The 2008 measure called for a $120 annual tax for residential properties as well as commercial and industrial parcels smaller than 2,000 square feet. Larger parcels were assessed $120 per year plus 15 cents per square foot, up to $9,500. In 2011, while a legal challenge to the 2008 tax was pending before an appeals panel, voters approved another tax of $299 on unimproved parcels and, on every lot with a building, 32 cents per square foot up to $7,999.

A challenge to the 2011 law failed at the superior court level, with a judge finding plaintiffs didn’t show how the tax violated a state law uniformity requirement, although any building with more than 25,000 square feet was capped at $7,999, while all smaller buildings generated taxes at 32 cents per square foot.

In 2013 an appeals court ruled the 2008 tax violated the uniformity clause and nullified everything but the $120 flat tax.
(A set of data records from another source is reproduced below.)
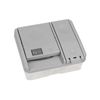 Dishwasher Dispenser Assembly 42173012, suits Blanco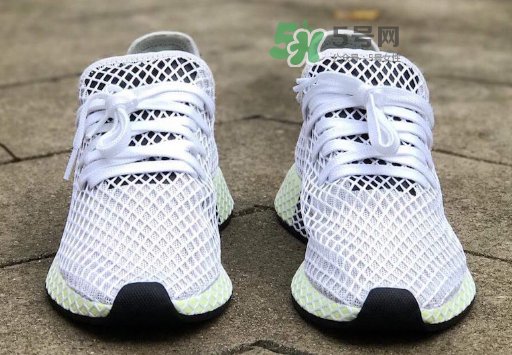 adidas deerupt runner什么時候發(fā)售？阿迪達(dá)斯deerupt runner實物曝光
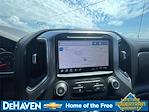 2019 Chevrolet Silverado 1500 Crew Cab 4x4 Pickup for sale #S735A - photo 14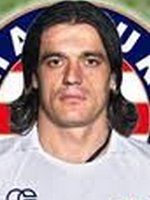 Boris Zivkovic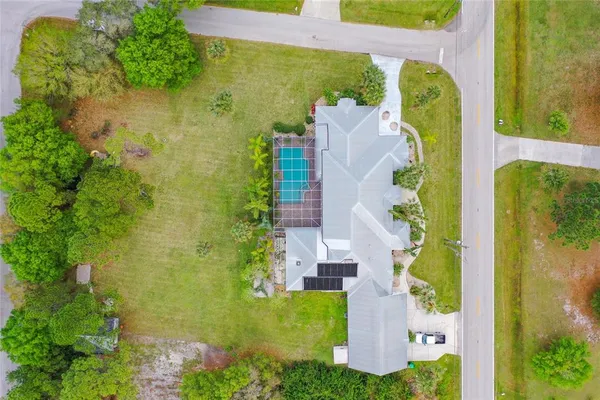 $689,000 | 23494 Westchester Boulevard, Punta Gorda, FL 33980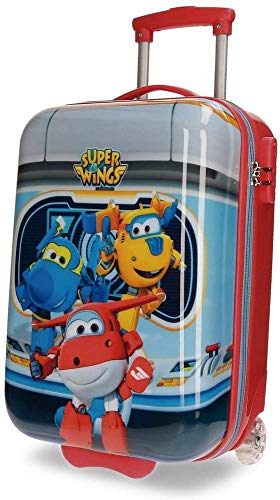 Super Wings ND-405-0361 Super Wings ND-405-0361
In 2016 voters renewed the 2011 tax before its 2018 expiration; that extension also survived a legal challenge as a superior court judge found the 2011 ruling precluded a new lawsuit.

Regarding the 2020 tax, the panel said the relevant portion of state law allows school districts to “impose qualified special taxes within the district” with clarification that unimproved properties may be taxed at lower rates than improved properties.

Although the law “applies the same tax formula to every improved parcel in the district, Traiman argues (and the trial court concluded) that the cap on the payable tax means the district has, in effect, created two classifications of properties that are taxed differently,” Cho wrote. “No cited case has embraced this theory.”

The panel said Traiman’s argument relies on an improper reading of the statutory language. The requirement is to impose the same tax on all payers or properties, not just a particular class of either.

“The statute does not further require that the application of the tax result in an identical effective tax rate for every taxpayer and every property,” Chou wrote. “Neither case law, legislative history, nor public policy supports the conclusion that a school district is powerless to impose a special tax merely because it caps the taxpayers’ liability.”

The prevailing challenge to the 2008 tax relied on a finding state law precluded schools from applying different tax rates to different types of property classifications, the panel said, without a determination as to the legality of a cap based on square footage.

Also relevant is a 2019 California Fifth Appellate District Court opinion, Dondlinger v. Los Angeles County Regional Park & Open Space District, which Chou said “approved a square footage tax and suggests that what taxpayers end up paying is not relevant to whether a tax is uniformly applied.” That case didn’t involve a cap, but still held a tax can be considered to apply uniformly even should “arithmetic functions render outcomes different for different taxpayers based on property size.”

Chou also said the outcome in the 2008 tax, in which every property was assessed $120, still resulted in a property owners paying a different rate per square foot. The panel further rejected Traiman’s argument regarding legislative history, saying its review made it clear “lawmakers and school districts urgently wanted the districts to have the power to impose special taxes with voter approval” along with the right to exempt senior citizens.

Traiman also failed to convince the panel public policy favors his position, as Chou wrote that “without flat taxes, square footage taxes, taxes with caps, regressive taxes, or progressive taxes, it is unclear how a school district could impose taxes for its schools at all.”

The school district has been represented by attorneys Sue Ann Salmon Evans, Luke L. Punnakanta and William Benjamin Tunick, of the firm of Dannis Woliver Kelley.

Tramain was represented by David Joseph Brillant and Cameren Neill Ripoli, of the Brillant Law Firm.